I'm not precisely certain when Carole Lombard received this inscribed autographed picture from John Barrymore, but if it was given to her at the wrap party for 1934's "Twentieth Century," she may well have floated home that night. Getting approval from Barrymore, one of the industry's most distinguished actors, was a compliment Carole truly appreciated after several rather undistinguished years as a leading lady.
Three years later, the tables were turned. Lombard had vaulted into a top-tier star, while Barrymore's dissolute life, fueled by drink, had taken its toll, and his career was in decline. However, Carole hadn't forgotten how Barrymore coaxed her into a superb performance in "Twentieth Century"; now it was her turn to pay it back.

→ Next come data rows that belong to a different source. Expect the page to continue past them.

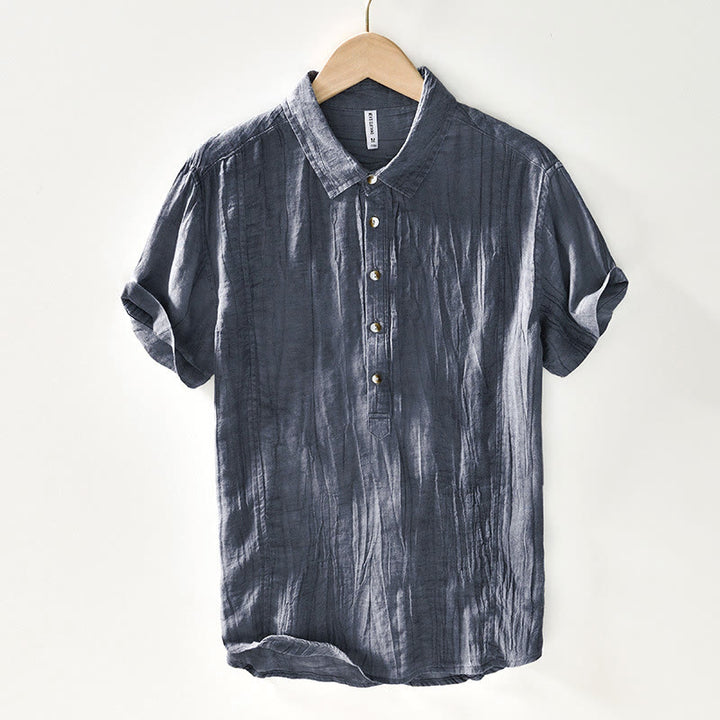 Camicia da uomo in lino ramiè con risvolto semplice e bottoni a metà, motivo Buddha Stones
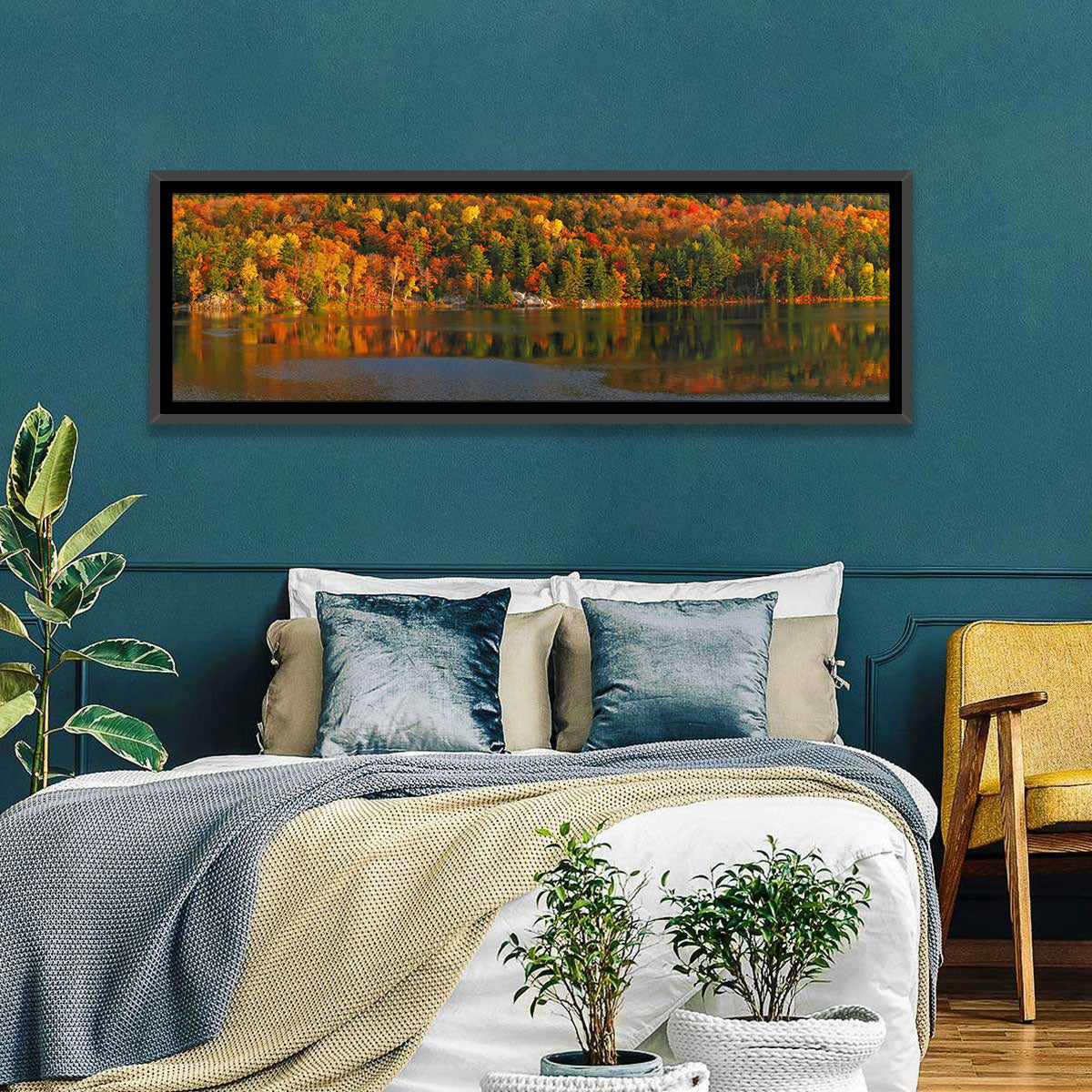George Lake Morning Reflection Wall Art in a room, panoramic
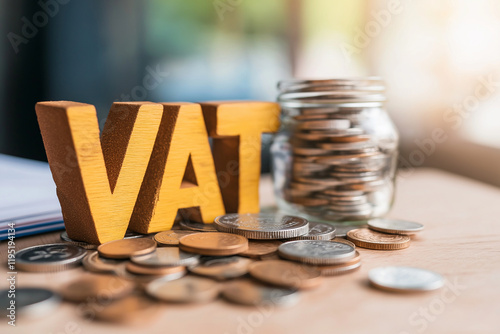 VAT letters made of wood with coins scattered around and jar of coins in background, symbolizing taxation and finance. warm lighting adds sense of importance to scene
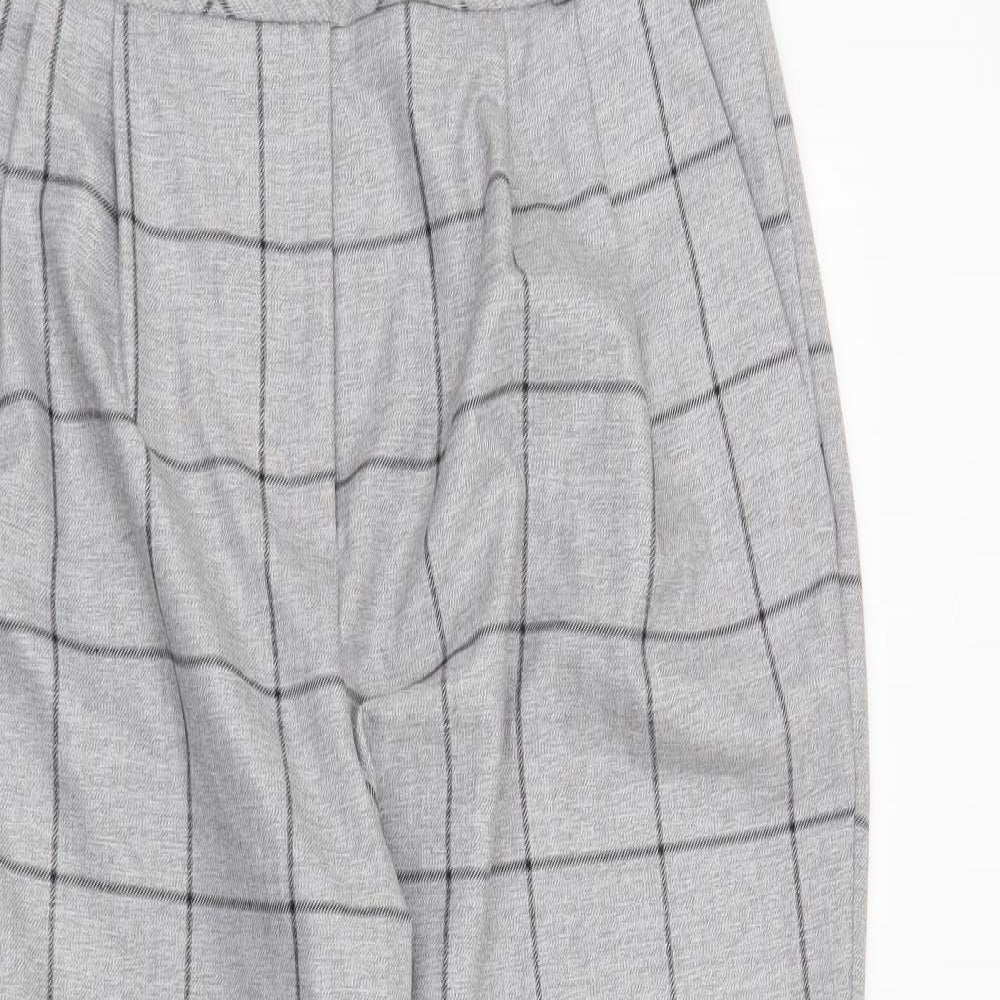 Topshop Womens Grey Check  Trousers  Size 12 L26 in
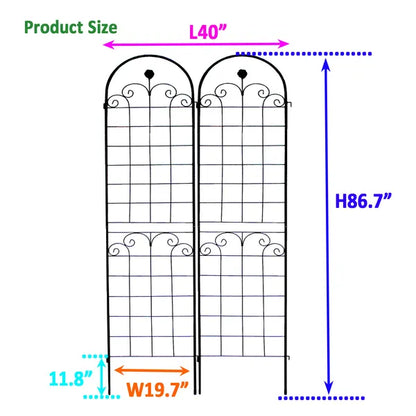 2 Pack Metal Garden Trellis For Climbing Plants Outdoor 86.7'' X 19.7'' Rustproof Plant Support Rose Trellis Netting Trellis Black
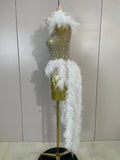 Luxury Sparkly Rhinestones Pearl Fringe Tassel Bodycon Bodysuits Birthday Photo Shoot Outfit DJ Nightclub Performance Stage Wear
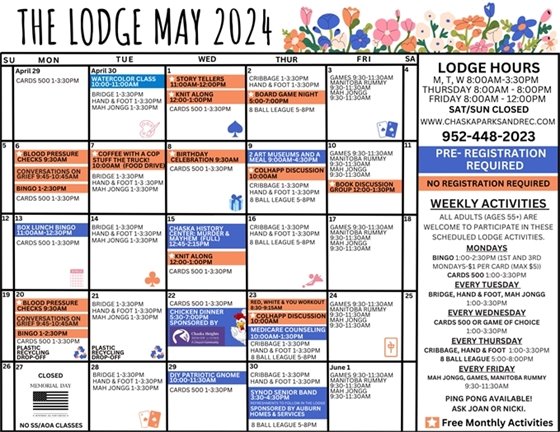 Image of the Lodge May 2024 Calendar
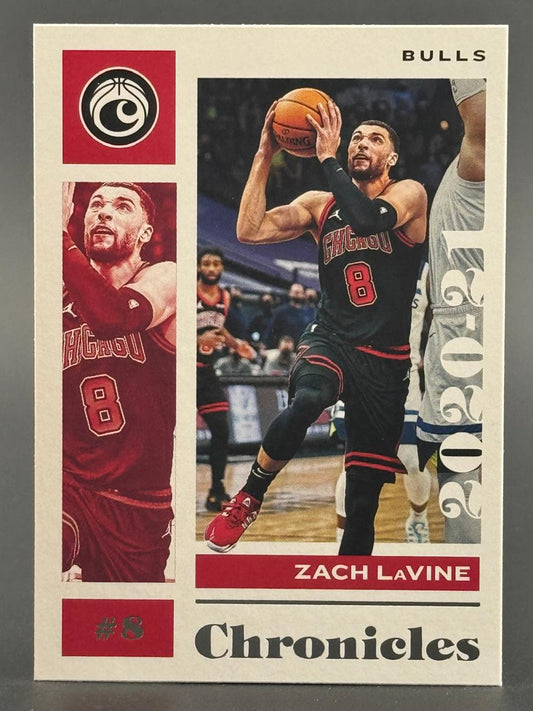 2020-21 Panini Chronicles Zach LaVine basketball card, #8, showing him shooting.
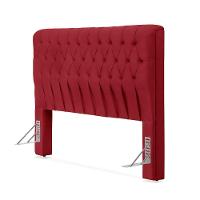 Cabeceira Cama King Estofada 1,93 - Inca Veludo Vermelho - 2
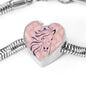 Lovely Horse Art Print Heart Charm Steel Bracelet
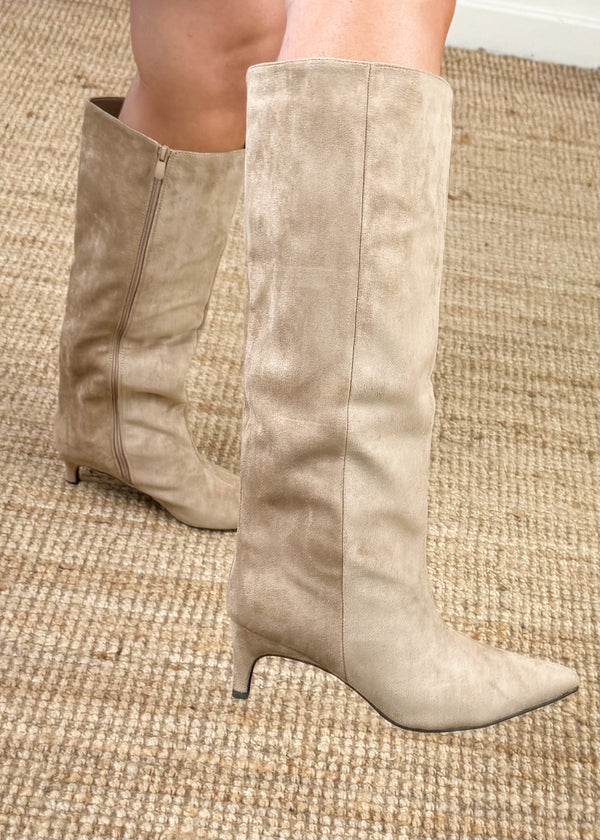 Victoria knee high boot - buff-The Style Attic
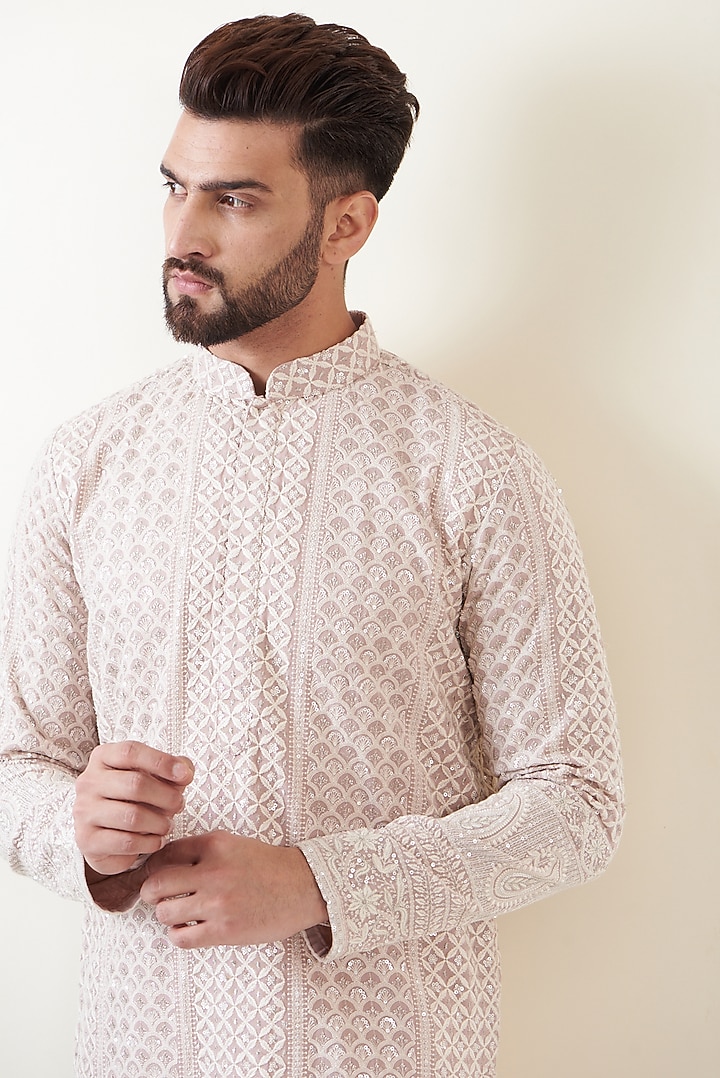 Light Mud Pink Georgette Embroidered Lucknowi Kurta Set by Kasbah Clothing at Pernia's Pop Up Shop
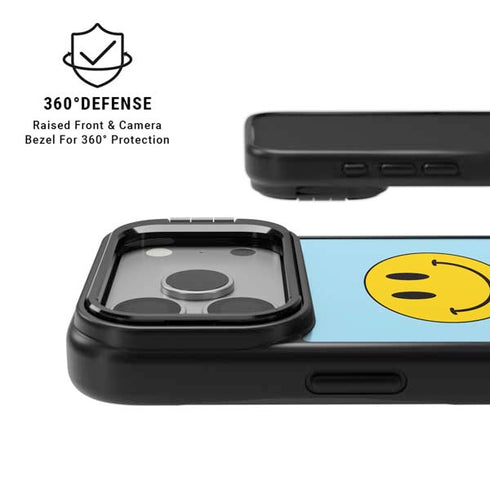 Blue Happy Face iPhone 17 Pro Kickstand Case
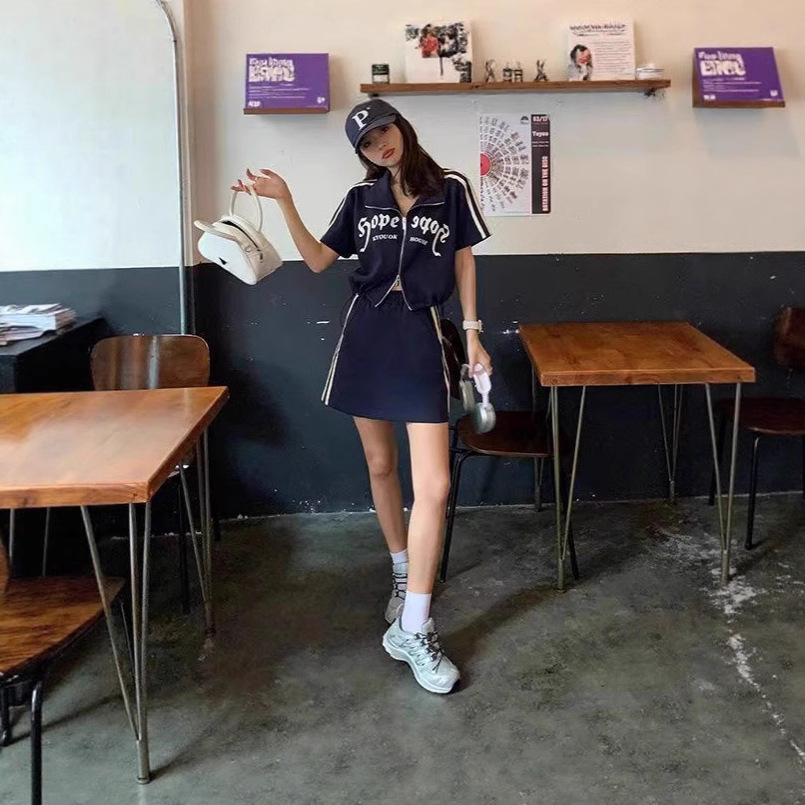 Summer Korean Style Slimming Zipper Stand Collar Top Half Skirt Two-Piece Set Fashionable Casual Sports Style Suit for Women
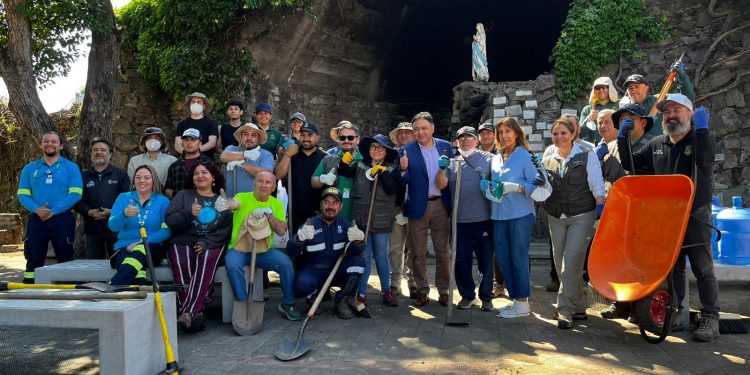 DIGAM recuperó gruta de la Iglesia San Francisco de Curicó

For what would be her final film at Paramount, "True Confession," Lombard insisted Barrymore not only play a key supporting role, but be billed third behind Carole and co-star Fred MacMurray. It briefly helped his career, as John sparkled in this farce. Here he is with Lombard (playing a habitual liar), both looking rather silly:
This delightfully zany vintage photo is up for auction at eBay. While the back is blank, here's the photo with borders:
It measures 8" x 10", is in good condition, and the seller describes it thus: "Folds in the corners. Small surface details only seen if direct light is applied. Pinhole marks. Fold marks in the borders."
Bidding begins at $24.50, with the auction ending at 5:10 p.m. (Eastern) Sunday. If you'd like to add this relative rarity to your collection or would like to learn more, visit http://www.ebay.com/itm/CAROL-LOMBARD-JOHN-BARRYMORE-in-True-Confession-Original-Vintage-Photo-1937-/151557705260?pt=LH_DefaultDomain_0&hash=item23498b0e2c.
And today, I admit to being a bit goofy myself, but then again nearly all Washington Nationals fans are feeling this way. Pitcher Max Scherzer, the biggest prize in this year's free-agent draft, has agreed to a seven-year deal, with half of his $210 million deferred to the following seven years. (This allows the Nats some flexibility in controlling their roster, including its loaded starting rotation, over the next few seasons.) Welcome to the world of the curly "W," Max, and help bring D.C. its first World Series title since the original AL Senators achieved it in 1924. With Scherzer on the Nats and both University of Maryland basketball teams leading the Big Ten, all is right with the world for this Washington-area emigre.